Dataframe with key columns indexed.

Return type

DataFrame

group_by(*column_names)

Group the current GreenplumPython DataFrame by column_names.

Parameters

column_names (str) – one or more column names of the DataFrame.

Returns

a set of groups of the current DataFrame. Each group is identified by a different set of values of the columns in the arguments.

Return type

DataFrameGroupingSet

distinct_on(*column_names)

Deduplicate the current DataFrame with respect to the given columns.

This function follows the DISTINCT ON syntax in PostgreSQL.

Parameters

column_names (str) – names of the current DataFrame’s columns.

Returns

the DataFrame containing only the distinct values of the given columns.

Return type

DataFrame

Example

>>> students = [("alice", 18), ("bob", 19), ("carol", 19)]
>>> student = gp.DataFrame.from_rows(students, column_names=["name", "age"], db=db)
>>> student.distinct_on("age")[['age']]
-----
 age
-----
  18
  19
-----
(2 rows)

Note

Since both “bob” and “carol” have the same age 19, student.distinct_on(“age”) will randomly pick one of them for the name column. Use “[[‘age’]]” to make sure the result is stable.

property unique_key: List[str]

Return unique key.

check_unique(columns)

Check whether a given set of columns, i.e. key, is unique.

Parameters

columns (set[str]) – set of columns name to be checked

Returns

self checked

Return type

DataFrame

classmethod from_table(table_name, db, schema=None)

Return a DataFrame which represents the given table in the Database.

Parameters
  • table_name (str) – table name

  • db (Database) – database of the table

  • schema (Optional[str]) – schema of table in database

Return type

DataFrame

df = gp.DataFrame.from_table("pg_class", db=db)
classmethod from_rows(rows, db, column_names=None)

Return a DataFrame using a given list of values.

Parameters
  • rows (Iterable[Union[Tuple[Any], Dict[str, Any]]]) –

    • Iterable[Tuple[Any]]: a list of row values.

    • Iterable[Dict[str, Any]]: a list of key value pairs to determine the columns and rows. The column names are decided by the keys of the first dictionary element if the column_names is not specified.

  • db (Database) – Database: database which will be associated with the DataFrame.

  • column_names (Optional[List[str]]) – Iterable[str]: list of given column names.

Returns

DataFrame generated with given values.

Return type

DataFrame

>>> rows = [(1,), (2,), (3,)]
>>> df = gp.DataFrame.from_rows(rows, db=db, column_names=["id"])
>>> df
 ----
  id
 ----
  1
  2
  3
 ----
 (3 rows)

>>> dict_list = [{"id": 1, "val": "11"}, {"id": 2, "val": "22"}]
>>> df = gp.DataFrame.from_rows(dict_list, db=db)
>>> df
 ----------
  id | val
 ----+-----
   1 | 11
   2 | 22
 ----------
 (2 rows)
classmethod from_columns(columns, db)

Return a DataFrame using list of columns values given.

Parameters
  • columns (Dict[str, Iterable[Any]]) – Dict[str, List[Any]]: List of column values.

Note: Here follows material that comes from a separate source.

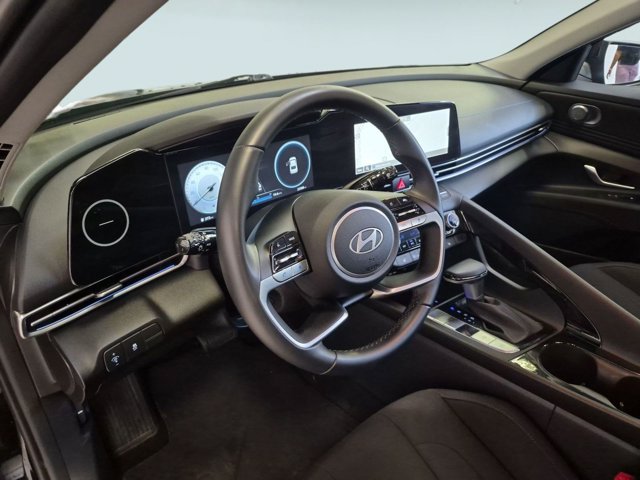 2024 Hyundai Elantra SEL - Photo 11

  • db (Database) – Database: database which will be associated with the DataFrame.

Returns

the DataFrame generated with given values.

Return type

DataFrame

Example

>>> columns = {"a": [1, 2, 3], "b": [1, 2, 3]}
>>> t = gp.DataFrame.from_columns(columns, db=db)
>>> t
-------
 a | b
---+---
 1 | 1
 2 | 2
 3 | 3
-------
(3 rows)
embedding()

Enable embedding-based similarity search on columns of the current DataFrame.

Example

See Generating, Indexing and Searching Embeddings (Experimental) for more details.

Warning

This function is currently experimental and the interface is subject to change.

Return type

Embedding

classmethod from_files(files, parser, db)

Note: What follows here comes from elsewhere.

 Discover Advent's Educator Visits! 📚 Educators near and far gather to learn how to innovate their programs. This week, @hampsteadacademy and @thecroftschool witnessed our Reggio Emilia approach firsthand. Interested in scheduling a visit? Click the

Create a DataFrame with data read from files.

Parameters
  • files (list[str]) – list of file paths. Each path ends with the path of the same file on client, without links resolved.

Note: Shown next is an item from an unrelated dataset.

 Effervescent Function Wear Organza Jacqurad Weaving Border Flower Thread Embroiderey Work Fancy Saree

  • parser (NormalFunction) – a UDF that parses the given files on server. The UDF is required to - take the file path as its only argument and - returns a set of parsed records in the returing DataFrame.

  • db (Database) – Database that the DataFrame to be created in.

Returns

DataFrame containing the parsed data from the given files.

Return type

DataFrame

Warning

This function is currently experimental and the interface is subject to change.